*** Opening RECORD SET ***
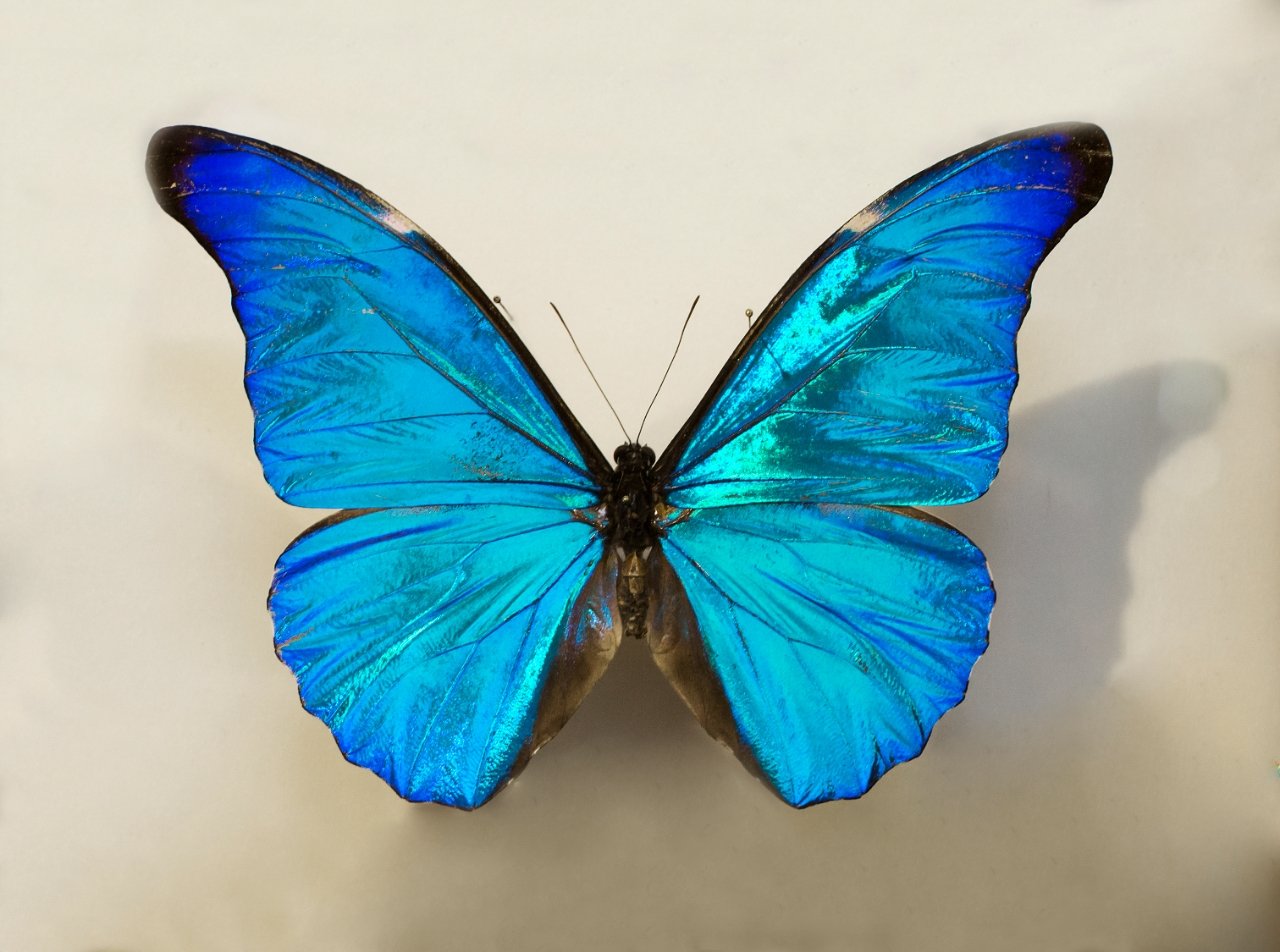 Butterflies 100-million-afọ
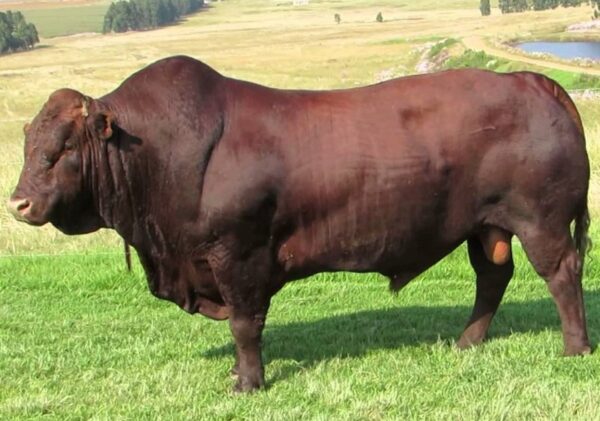 Bonsmara Breed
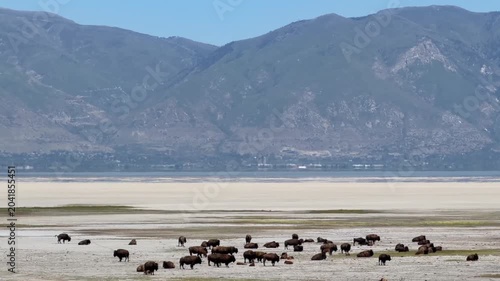 Bison on Antelope Island, Salt Lake City, Utah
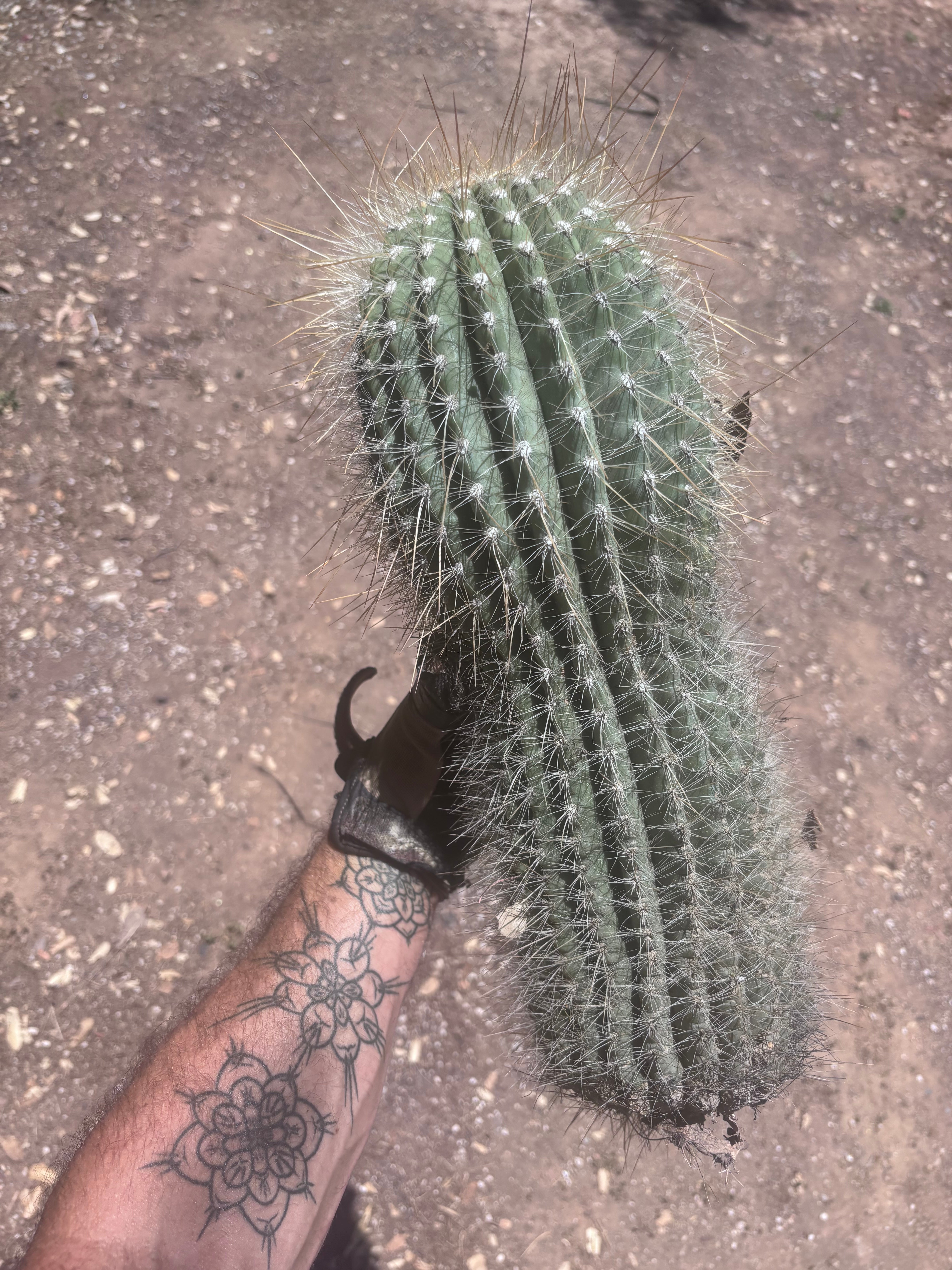 💎💎 T. Atacamensis — MASSIVE 17” Pup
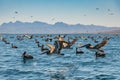 Flock of brown pelicans Royalty Free Stock Photo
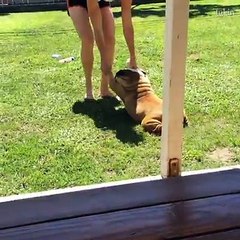 Hey man, what's the rush!   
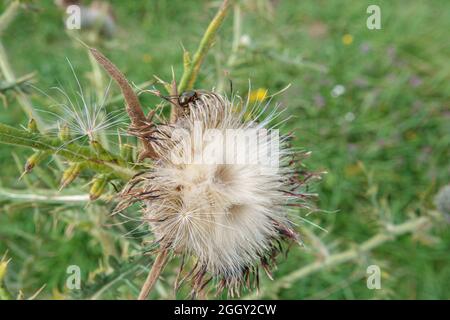 Chrysolina banksii scarabée se nourrissant des têtes de fleurs de graines moelleuses du Thistle rampant (Cirsium arvense) en pleine croissance sauvage dans le Wiltshire Royaume-Uni Banque D'Images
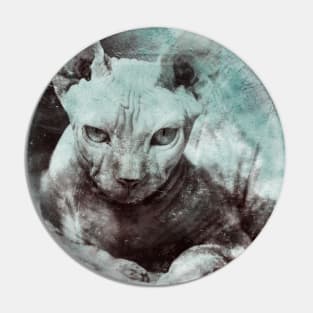 Sphynx cat design Pin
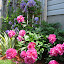 Peony - First, Unknown? 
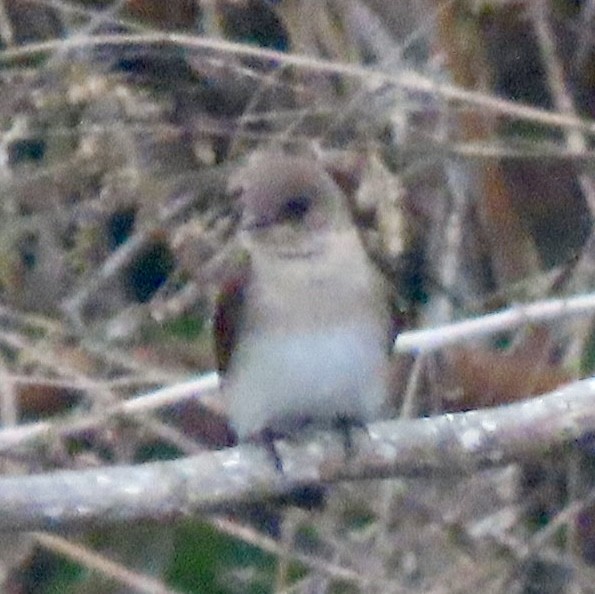 Northern Rough-winged Swallow - ML646954028
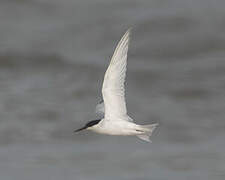 Damara Tern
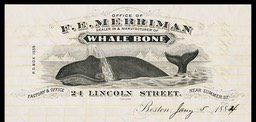 F. E. Merriman / Whale Bone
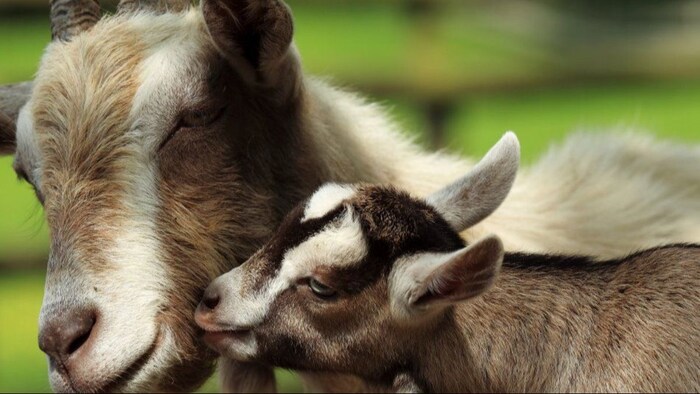 बकरियों को भूल कर भी ना खिलाएं ये चारा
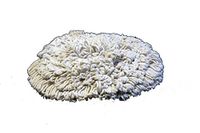 13" PROCYON Cotton Bonnet Pads - 6 Per Case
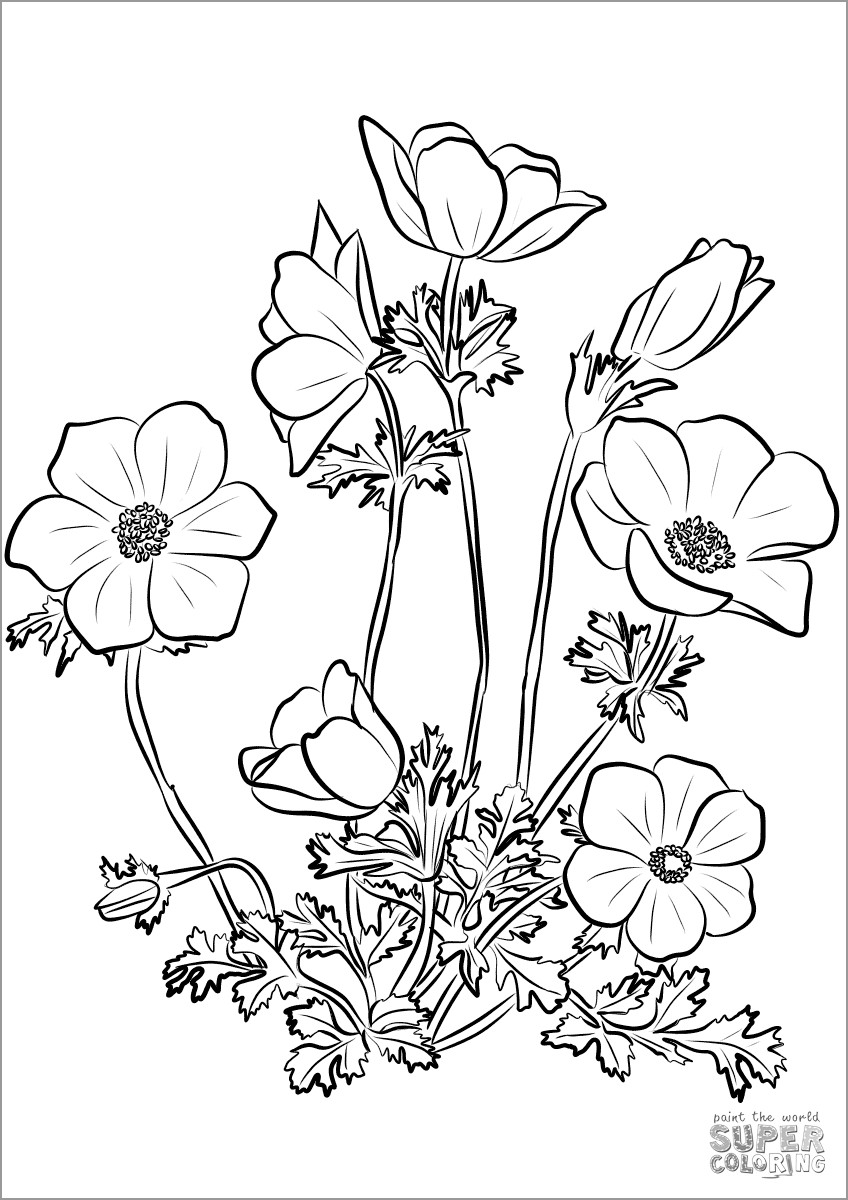 Anemone Coronaria Coloring Page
*** Closing RECORD SET ***
GOAL OF THE EXERCISE: Only the lines from the line that contains "बकरियों को भूल कर भी ना खिलाएं ये चारा" through the end of the entries are to be written out, exactly and without pictures, both ends included.

EXERCISE RESULT:
 बकरियों को भूल कर भी ना खिलाएं ये चारा
 13" PROCYON Cotton Bonnet Pads - 6 Per Case
 Anemone Coronaria Coloring Page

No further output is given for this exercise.